EXERCISE
Please output exactly the lines below, starting at the line that has "How TMC MP Mahua" and ending at the line that has "Jokari Super 4plus", both included; leave out all pictures and include nothing else.

DATA IN THIS EXERCISE
##########
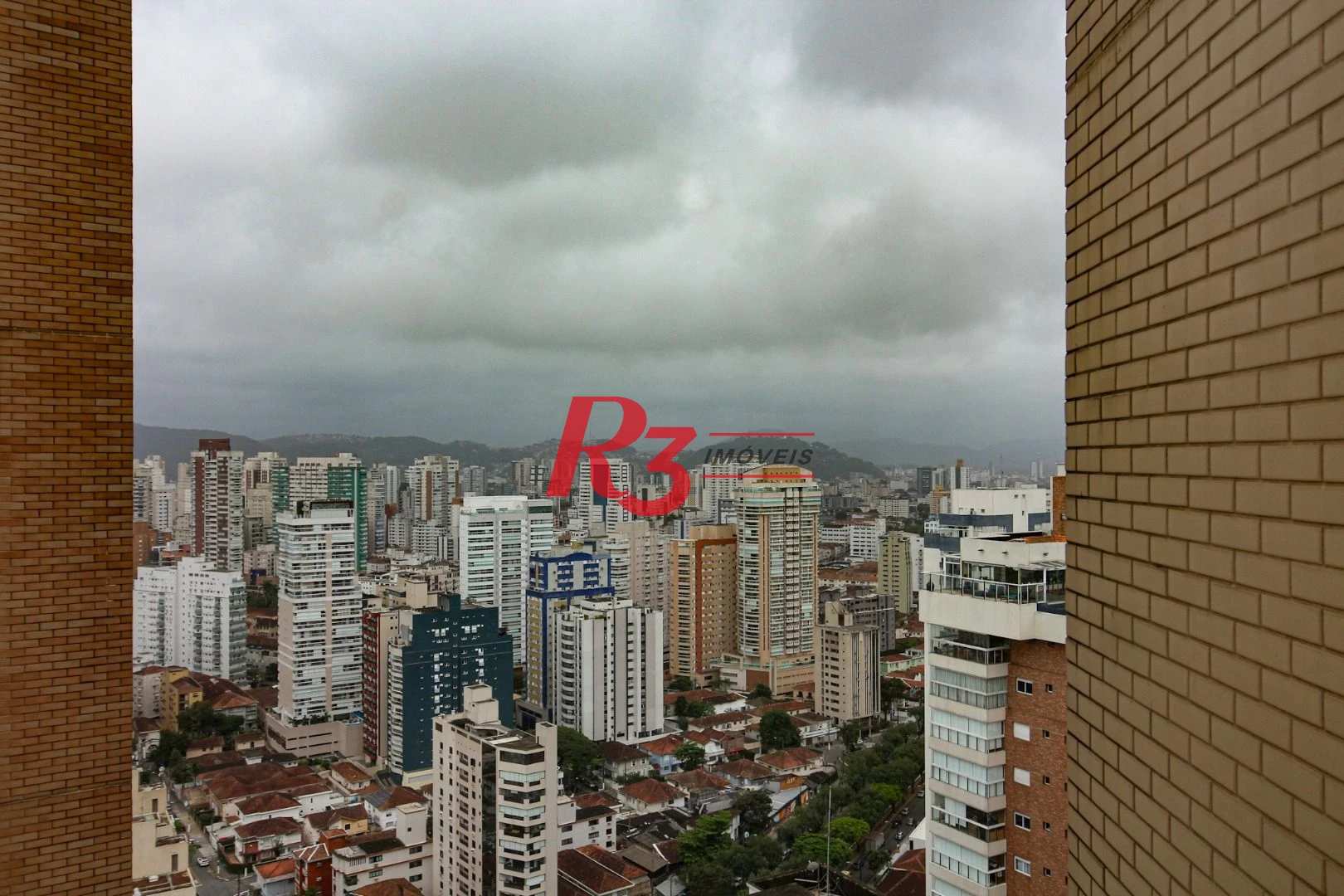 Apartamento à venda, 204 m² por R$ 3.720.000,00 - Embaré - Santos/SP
##########
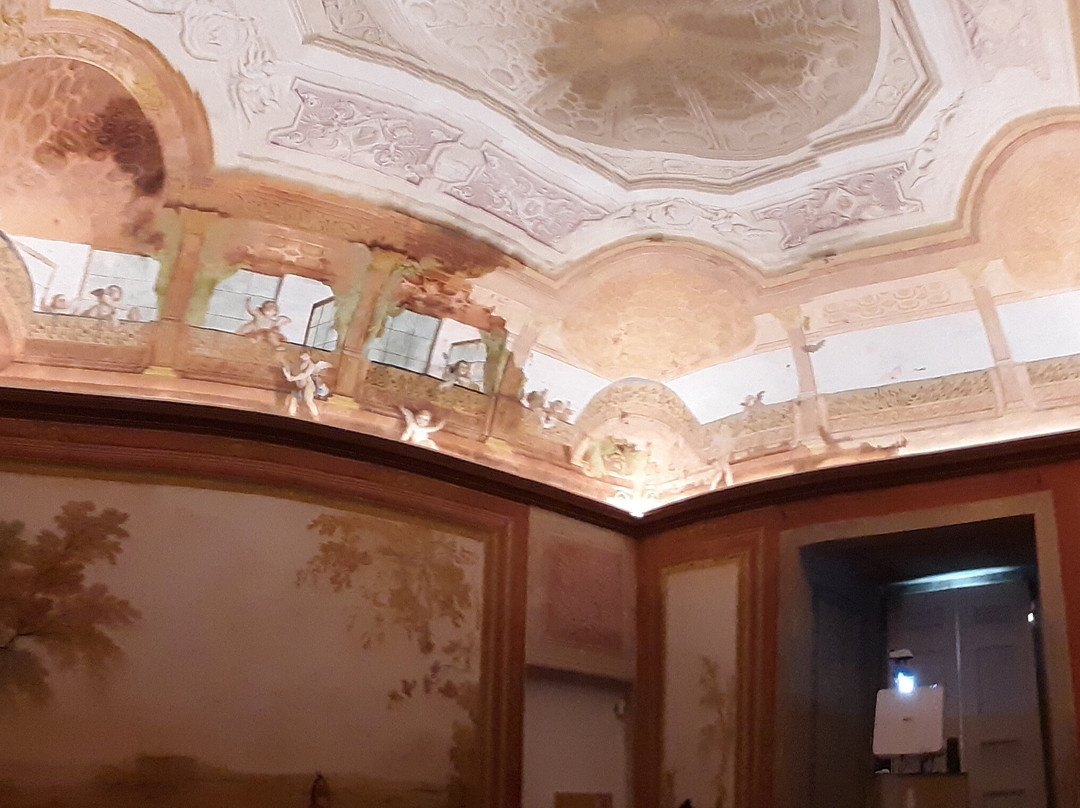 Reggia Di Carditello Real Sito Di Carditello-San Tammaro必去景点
##########
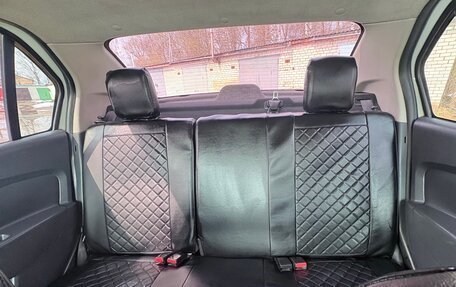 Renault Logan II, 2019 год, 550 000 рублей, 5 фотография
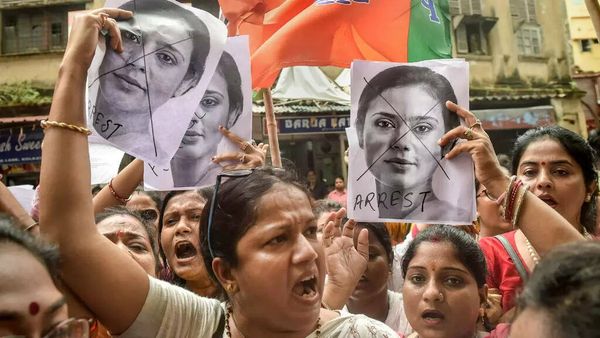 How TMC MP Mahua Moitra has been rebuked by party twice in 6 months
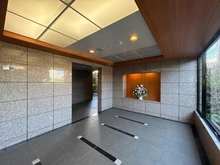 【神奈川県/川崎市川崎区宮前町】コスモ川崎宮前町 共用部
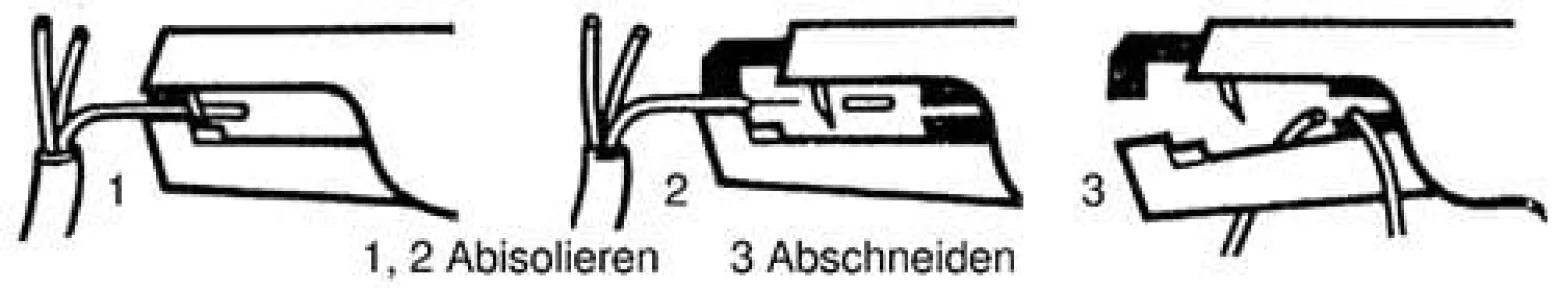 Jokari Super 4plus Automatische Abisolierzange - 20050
##########
ANSWER TO THE PROBLEM
 How TMC MP Mahua Moitra has been rebuked by party twice in 6 months
 【神奈川県/川崎市川崎区宮前町】コスモ川崎宮前町 共用部
 Jokari Super 4plus Automatische Abisolierzange - 20050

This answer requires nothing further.